Der Staatschef soll Schweigegeldzahlungen an seinen Parteifreund Cunha gutgeheißen haben. Das belegen Tonbandaufnahmen.
Brasília/Buenos Aires. Die Bombe platzte zur besten Sendezeit. In ihren Hauptnachrichten am Abend meldete Brasiliens größte Sendekette, Globo, es existiere eine Tonaufnahme, die belege, dass Präsident Michel Temer einen Großunternehmer zur Zahlung von Schweigegeld aufgefordert habe. Die Ermittlungen gegen Temer wurden bereits eingeleitet.
Am 7. März habe der Mandatar in seiner Residenz Joesley Batista empfangen, der zusammen mit seinem Bruder Wesley den weltgrößten Fleischkonzern, JBS, besitzt. Der Milliardär berichtete während des Gesprächs, dass er in den kommenden 20 Jahren jede Woche 500.000 Reais (145.000 Euro) an Vertrauensleute des inhaftierten Eduardo Cunha zahlen müsse, damit dieser nicht gegenüber der Justiz auspacke. Cunha, wie Temer führendes Mitglied der liberalen Partei PMDB, war von Februar 2015 bis Mai 2016 der Präsident des brasilianischen Kongresses und ein intimer Kenner des gigantischen Schmiergeldsystems in Brasília. Seine Aussage brächte das gesamte politische System des Landes in Gefahr. Das sah offenbar auch Temer so und sagte zu dem Unternehmer: „Das müssen Sie unbedingt weiterzahlen, ist das klar?“
Was Temer nicht wusste: Der Unternehmer schnitt die Konversation mit, um sich abzusichern. Später markierten Detektive im Firmenauftrag auch die Scheine und filmten die Übergabe des Geldes an einen Mittelsmann. Verhängnisvoll wurde das, nachdem der Fleischkonzern, inzwischen selbst unter dem Druck der Korruptionsermittler, vor ein paar Wochen beschloss, mit der Justiz zusammenzuarbeiten und das Material zu übergeben.
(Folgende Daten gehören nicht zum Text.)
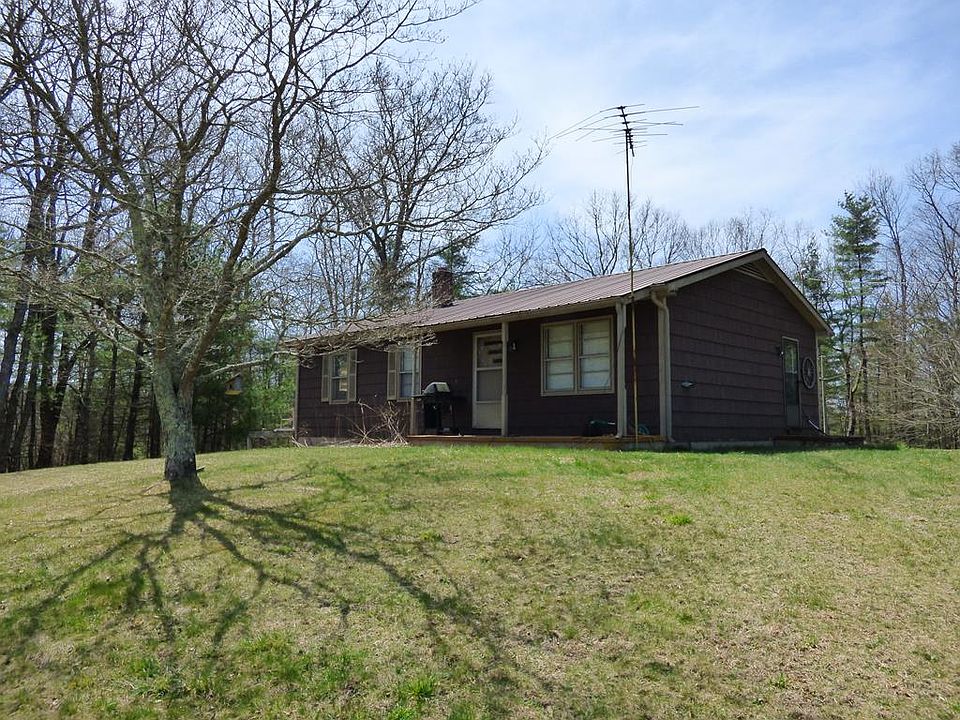 1st image of 300 Campbell Pl
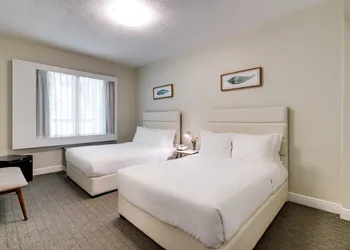 Crest Hotel Suites hotel thumbnail 2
Die Justizbehörden bestätigten bisher die Meldung von O Globo nicht explizit, aber umfassende Durchsuchungen am späten Mittwoch und Donnerstag scheinen die These zu stützen. So wurde unter anderem der Kongress in der Hauptstadt untersucht. Neben Temer haben die Batista-Brüder auch den Senator und Führer der Sozialdemokraten, Aécio Neves, mitgeschnitten, als dieser um eine Spende von umgerechnet etwa 600.000 Euro bat. Er wollte damit die Anwaltskosten bezahlen, die seine Verwicklung in den Petrobras-Skandal mit sich bringt. Am Donnerstagmorgen wurde Neves vom obersten Gerichtshof mit sofortiger Wirkung als Senator suspendiert.
Präsident Temer stritt am Mittwochabend alle Vorwürfe ab. Doch scheinen ihm nur wenige zu glauben, die Kurse an der Börse von São Paulo stürzten Donnerstag ab. Offenbar fürchten die Marktteilnehmer, dass Temer nun sein wichtigstes parlamentarisches Projekt, die Reform des Pensionssystems, nicht mehr durch den Kongress bekommt. Die Neuregelung des Rentenwesens wird als Schlüsselelement angesehen, um die Staatskasse zu entlasten, die während der vergangenen Jahre enorme Defizite von bis zu zehn Prozent des Bruttoinlandsprodukts produzierte. Temer hatte bisher in beiden Parlamentskammern eine Mehrheit von etwa 80 Prozent. Nun könnten viele abspringen.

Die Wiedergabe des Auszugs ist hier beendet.